**Exercise goal:**
List all the lines in these records that hold "Imagem".

**Data to examine:**
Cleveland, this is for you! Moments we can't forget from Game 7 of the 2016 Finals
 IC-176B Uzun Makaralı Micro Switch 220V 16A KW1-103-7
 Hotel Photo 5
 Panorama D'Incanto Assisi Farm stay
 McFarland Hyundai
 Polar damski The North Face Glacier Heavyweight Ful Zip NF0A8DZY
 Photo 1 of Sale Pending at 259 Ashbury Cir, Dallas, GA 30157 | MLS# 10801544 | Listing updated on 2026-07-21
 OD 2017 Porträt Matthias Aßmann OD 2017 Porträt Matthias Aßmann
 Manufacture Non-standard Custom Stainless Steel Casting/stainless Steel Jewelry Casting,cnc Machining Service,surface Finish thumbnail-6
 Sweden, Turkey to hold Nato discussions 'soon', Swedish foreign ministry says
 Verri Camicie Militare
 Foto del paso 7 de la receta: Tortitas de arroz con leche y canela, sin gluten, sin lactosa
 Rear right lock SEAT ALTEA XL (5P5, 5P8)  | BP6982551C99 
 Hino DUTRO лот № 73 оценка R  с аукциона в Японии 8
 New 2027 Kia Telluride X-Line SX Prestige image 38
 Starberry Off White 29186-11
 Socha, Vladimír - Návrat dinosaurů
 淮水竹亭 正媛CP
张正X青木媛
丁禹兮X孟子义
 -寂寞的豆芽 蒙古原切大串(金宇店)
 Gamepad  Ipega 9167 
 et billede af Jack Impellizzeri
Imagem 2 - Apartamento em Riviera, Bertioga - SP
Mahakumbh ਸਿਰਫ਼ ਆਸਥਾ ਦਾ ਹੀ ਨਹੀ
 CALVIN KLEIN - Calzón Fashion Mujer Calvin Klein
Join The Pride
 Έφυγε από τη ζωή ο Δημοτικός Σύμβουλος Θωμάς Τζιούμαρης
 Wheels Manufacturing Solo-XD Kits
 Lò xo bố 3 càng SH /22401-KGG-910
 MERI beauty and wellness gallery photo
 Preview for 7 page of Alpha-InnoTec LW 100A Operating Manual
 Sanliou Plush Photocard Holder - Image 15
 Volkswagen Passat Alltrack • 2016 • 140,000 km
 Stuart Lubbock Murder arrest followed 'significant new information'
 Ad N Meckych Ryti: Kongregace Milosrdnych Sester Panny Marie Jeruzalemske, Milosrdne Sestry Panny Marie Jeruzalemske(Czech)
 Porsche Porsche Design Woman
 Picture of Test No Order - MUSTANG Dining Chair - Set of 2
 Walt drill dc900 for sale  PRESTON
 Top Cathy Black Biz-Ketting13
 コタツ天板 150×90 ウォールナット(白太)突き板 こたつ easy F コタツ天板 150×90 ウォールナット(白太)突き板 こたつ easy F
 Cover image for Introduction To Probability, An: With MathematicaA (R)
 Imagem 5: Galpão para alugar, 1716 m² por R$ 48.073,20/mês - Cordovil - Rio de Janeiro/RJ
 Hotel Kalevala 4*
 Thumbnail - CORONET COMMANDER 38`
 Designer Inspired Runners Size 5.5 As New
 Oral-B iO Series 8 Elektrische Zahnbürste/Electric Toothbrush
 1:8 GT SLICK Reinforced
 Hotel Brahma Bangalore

**Expected answer:**
Imagem 2 - Apartamento em Riviera, Bertioga - SP
 Imagem 5: Galpão para alugar, 1716 m² por R$ 48.073,20/mês - Cordovil - Rio de Janeiro/RJ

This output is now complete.